The data -
-------

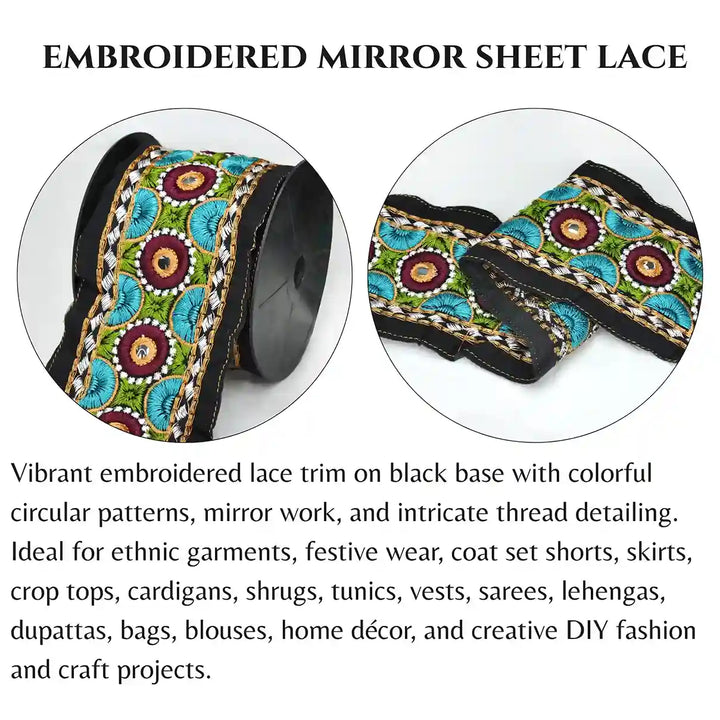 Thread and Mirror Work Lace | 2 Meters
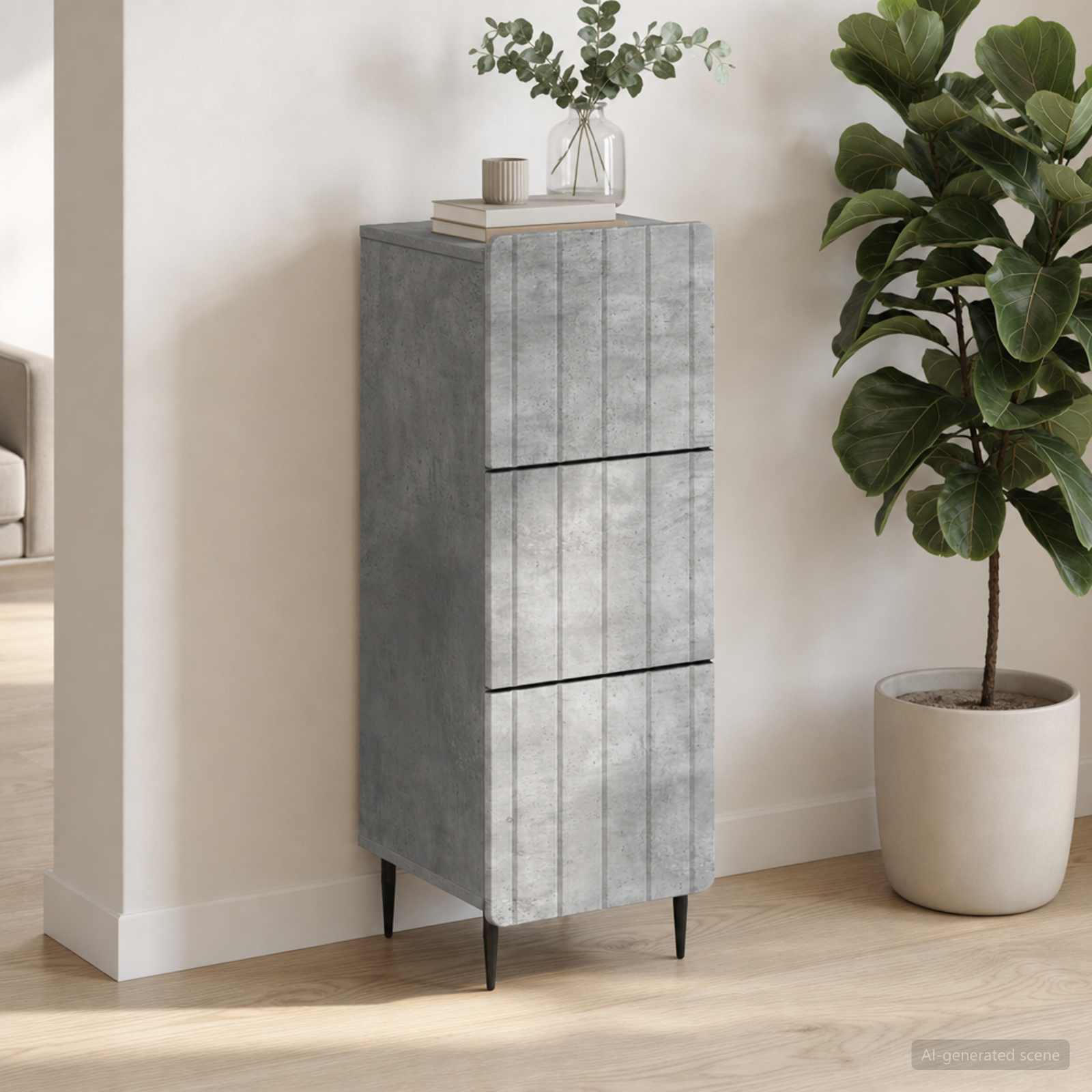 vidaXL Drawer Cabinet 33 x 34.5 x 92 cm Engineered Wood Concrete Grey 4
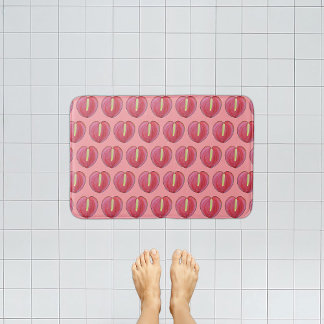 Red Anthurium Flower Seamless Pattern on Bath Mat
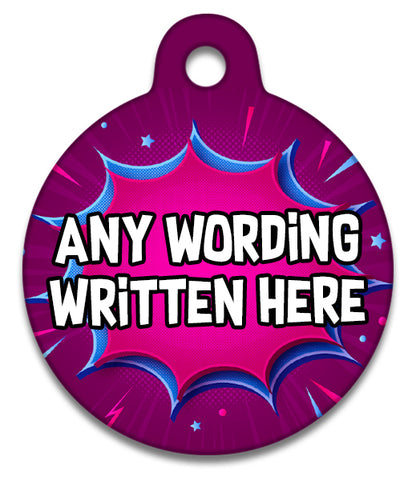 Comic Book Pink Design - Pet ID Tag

-------

Exercise brief - Would you please repeat all the data word for word, but without the pictures?

Result -
 Thread and Mirror Work Lace | 2 Meters
 vidaXL Drawer Cabinet 33 x 34.5 x 92 cm Engineered Wood Concrete Grey 4
 Red Anthurium Flower Seamless Pattern on Bath Mat
 Comic Book Pink Design - Pet ID Tag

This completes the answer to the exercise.